The India ESG Report states a need for more significant ESG disclosures and practices among NIFTY 50 companies in India. The report highlights the wide divergence between high and low scores within pillars and across sectors, indicating a need for more symmetry in disclosures of metrics across companies and industries. The report also emphasizes the need for an Indian rating provider that can offer consistent, high-quality ratings and address fund manager queries, aiming to fill that gap in the market. The report notes that the Industrials and Communication Services sectors have better overall disclosure, leading to better average scores for pillars in these sectors. The report also addresses some of the big questions around ESG acceptance and integration, highlighting the challenges in the practical feasibility of ESG investing.
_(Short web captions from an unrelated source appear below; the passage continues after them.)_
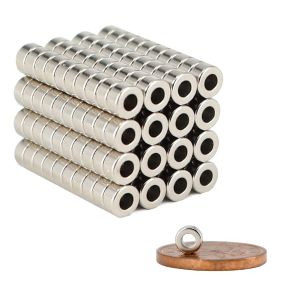Lot De 100 Aimants Ronds En Néodyme - Avec Trou De 2 Mm - 4 Mm X 2 Mm - Neuf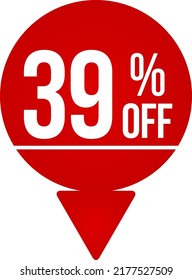Stickers or tags for sales in pin form with arrow down and different percentage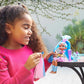 Mattel Cave Club Tella Doll (8 10-inch, Blue Hair) Poseable Prehistoric Fashion Doll with Dinosaur Pet and Accessories, Gift for 4 Year Olds and Up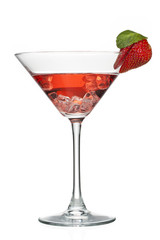 strawberry juice in martini.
Overall, the report provides valuable insights into the current state of ESG practices among NIFTY 50 companies in India and emphasizes the need for greater ESG engagement and disclosures in the Indian market.[7]
Further, a crucial point of observation is that these companies have primarily invested in renewable energy, including solar and wind energy sources. However, to transition to a more sustainable energy mix to address the challenges of climate change and meet its net-zero carbon emissions target, there is a need for a time-bound strategy called “Panchamrit”, which includes specific targets for non-fossil energy capacity, power-generating capacity from renewable energy, and reduction of total projected carbon emissions. Additionally, the importance of developing battery technologies to reduce dependency on oil imports and the justified demand for climate finance must be considered while advocating for a democratic approach to involve all stakeholders in the transition to a sustainable energy mix.[8]
This is further substantiated by the fact that in a recently conducted data analysis of 1,500 firms, it was found that only 54% of the firms in India made ESG disclosures as of 2019.[9]
Countries with high SDG scores have better overall country-level governance and board attributes, positively impacting sustainability performance. For countries with low SDG scores, political stability shows a statistically insignificant and negative impact on sustainability performance, while government effectiveness indicates a statistically insignificant positive impact.[10]
Most importantly, a study conducted by the National Stock Exchange on ESG disclosures for 80 companies in India has revealed certain surprising and concerning results. The report highlights that more than 80% of companies in the automobile and metal industries provided three-year data on energy intensity. However, the least disclosure relating to energy intensity was observed in consumer goods and other industries. The report notes that nine companies within the sample had achieved a 'water positive' status. However, only 44 companies from the sample had disclosed data on water consumption or usage.[11]
Recent Developments
In an interesting turn of events, the Indian Railways has renewed its MOU with the Confederation of Indian Industry (CII) to continue its efforts to achieve net-zero carbon emissions by 2030. Based on the reports so far, Indian Railways, being a Public Sector Undertaking, has managed to reduce CO2 emissions of around 18,000 tons and has saved 22 million kWh of energy.[12] The statements provided by the Union Minister at COP28 underscore the progress made so far. Between 2005 and 2019, 33% of GHG emissions intensity was reduced, 11 years ahead of its 2030 target.[13] Despite these positive developments, Climate Action Tracker (CAT), an independent body monitoring climate change measures levied by countries across the globe, has given India a "poor" rating. One factor that has influenced this rating is the non-specific nature of upgrading NDC in terms of net zero by 2070, which excludes gas coverage. Further, the pending bill on net-zero emissions, which has not made any legislative progress, seems to setback India's commitments in terms of having a solid legal framework. Moreover, CCS, also known as Carbon Capture and Sequestration Technology, is an alternative that India plans to take forward despite the criticisms and disadvantages of using this technology.[14]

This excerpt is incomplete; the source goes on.